Compressing the JS array format with CompressionStream and base64 encoding the result typically yields a string that is 300-1200 characters long (depending on the length and complexity of the song itself) – short enough to fit into a URL

So here's the soundtrack for Q1k3, all stored in the URL alone:

/synth/#eJxtkVuWxCAIRDdUHzwEdS2e7H8bA5g40+nBIwI+uKksJ25Ya3UADDED/oRgIkBdPfIGAfOcFTZ0vrAY3wN1/4w4tVgcOXH7Yx8b15Vnaz+7CyLk8STJEgYLGn2SwoFElFAD0uIJZAmKdq/2zrNNwquUV7yMZeSGWHnaXCkLRo8XRp3xeCnh4k2eWpCBxS6w+OpAG9mNJ5UahOmF9lLnKNQmcmL74z5rm6T6+y1QEDSNziVCN7IMUg/Kn+Q8CIMj4lnX4gorH5KHJmW516JRObtbHta+Ffuq0/91sV817Ur7AYzBfQA=

I have no doubt that this could be compressed further by using a binary format instead of JSON. Of course this would come at the expense of more code needed for the compression/decompression. For a JS13k entry your best option is probably the JS Array format, as your whole submission will be zipped up anyway.

pl_synth in high_impact

As stated in the beginning of this post, the initial reason for all of this was to provide an alternative for sound and music in high_impact. pl_synth is now bundled with high_impact and one of the demo games (Drop) uses it exclusively for sound and music.

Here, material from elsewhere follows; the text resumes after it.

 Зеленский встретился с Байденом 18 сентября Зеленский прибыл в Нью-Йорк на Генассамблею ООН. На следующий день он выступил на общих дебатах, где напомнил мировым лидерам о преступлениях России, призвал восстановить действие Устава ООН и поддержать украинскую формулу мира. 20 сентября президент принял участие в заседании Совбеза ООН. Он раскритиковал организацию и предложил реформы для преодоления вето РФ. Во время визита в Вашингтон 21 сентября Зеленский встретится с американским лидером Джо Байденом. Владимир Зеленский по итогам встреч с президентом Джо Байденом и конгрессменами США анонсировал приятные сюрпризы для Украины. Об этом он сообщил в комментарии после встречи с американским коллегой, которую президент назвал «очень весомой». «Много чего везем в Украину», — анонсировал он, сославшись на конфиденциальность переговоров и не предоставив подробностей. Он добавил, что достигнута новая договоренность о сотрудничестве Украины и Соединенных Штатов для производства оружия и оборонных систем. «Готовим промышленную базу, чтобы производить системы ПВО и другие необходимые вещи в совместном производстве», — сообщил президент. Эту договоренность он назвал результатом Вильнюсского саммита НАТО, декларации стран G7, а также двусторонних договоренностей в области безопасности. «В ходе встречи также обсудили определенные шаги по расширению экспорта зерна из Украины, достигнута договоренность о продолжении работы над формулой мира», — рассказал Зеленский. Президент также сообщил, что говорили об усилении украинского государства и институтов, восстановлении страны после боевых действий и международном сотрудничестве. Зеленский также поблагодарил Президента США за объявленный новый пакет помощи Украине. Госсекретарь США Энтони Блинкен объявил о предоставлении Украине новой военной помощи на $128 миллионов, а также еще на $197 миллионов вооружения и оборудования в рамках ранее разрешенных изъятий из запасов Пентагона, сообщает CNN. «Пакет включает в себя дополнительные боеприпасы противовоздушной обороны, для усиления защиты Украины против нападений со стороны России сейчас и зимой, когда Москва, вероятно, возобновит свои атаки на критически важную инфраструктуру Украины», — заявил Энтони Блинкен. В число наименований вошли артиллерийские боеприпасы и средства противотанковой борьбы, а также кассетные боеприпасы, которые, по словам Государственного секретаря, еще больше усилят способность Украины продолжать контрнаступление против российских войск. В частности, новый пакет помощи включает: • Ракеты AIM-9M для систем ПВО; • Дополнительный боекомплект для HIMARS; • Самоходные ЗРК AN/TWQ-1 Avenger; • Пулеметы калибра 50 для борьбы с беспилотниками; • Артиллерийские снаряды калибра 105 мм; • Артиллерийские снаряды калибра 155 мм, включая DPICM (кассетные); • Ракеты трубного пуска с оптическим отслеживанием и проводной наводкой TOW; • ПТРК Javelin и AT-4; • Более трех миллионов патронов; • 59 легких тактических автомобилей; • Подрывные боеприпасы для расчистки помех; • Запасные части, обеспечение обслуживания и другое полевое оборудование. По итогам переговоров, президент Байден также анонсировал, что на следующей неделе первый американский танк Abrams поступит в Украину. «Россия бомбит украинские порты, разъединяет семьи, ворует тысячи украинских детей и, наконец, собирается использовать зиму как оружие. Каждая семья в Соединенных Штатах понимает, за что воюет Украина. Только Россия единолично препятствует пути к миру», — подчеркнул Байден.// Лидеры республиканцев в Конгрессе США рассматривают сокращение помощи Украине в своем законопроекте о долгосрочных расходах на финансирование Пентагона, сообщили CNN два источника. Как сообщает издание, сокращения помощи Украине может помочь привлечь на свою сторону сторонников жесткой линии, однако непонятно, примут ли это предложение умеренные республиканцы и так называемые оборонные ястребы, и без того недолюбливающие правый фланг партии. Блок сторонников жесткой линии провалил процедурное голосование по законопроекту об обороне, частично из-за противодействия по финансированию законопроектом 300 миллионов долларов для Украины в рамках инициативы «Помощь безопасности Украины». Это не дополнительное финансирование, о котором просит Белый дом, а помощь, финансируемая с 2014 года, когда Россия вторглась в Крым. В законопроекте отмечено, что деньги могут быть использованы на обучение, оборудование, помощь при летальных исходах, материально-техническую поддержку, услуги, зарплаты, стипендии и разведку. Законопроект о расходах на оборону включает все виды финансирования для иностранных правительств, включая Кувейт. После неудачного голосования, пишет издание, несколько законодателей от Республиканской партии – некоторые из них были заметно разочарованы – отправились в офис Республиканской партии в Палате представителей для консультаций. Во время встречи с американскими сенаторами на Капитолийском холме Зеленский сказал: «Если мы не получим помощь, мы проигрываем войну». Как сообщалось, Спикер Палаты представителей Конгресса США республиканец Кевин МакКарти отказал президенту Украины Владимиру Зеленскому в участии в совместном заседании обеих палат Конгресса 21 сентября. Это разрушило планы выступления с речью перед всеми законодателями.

Where the game previously loaded a sound file:

sound_source_t *coin = sound_source("assets/coin.qoa");

it now generates a sound effect on startup:

sound_source_t *coin = sound_source_synth_sound(&(pl_synth_sound_t){
    .synth = {10,0,0,1,189,1,12,0,9,1,172,2,0,2750,689,95,129,0,1086,219,1,117}, 
    .row_len = 5513, 
    .note = 135
});

No external sounds files needed anymore!

Check out pl_synth and high_impact on github. I hope to see this pop up in some future games!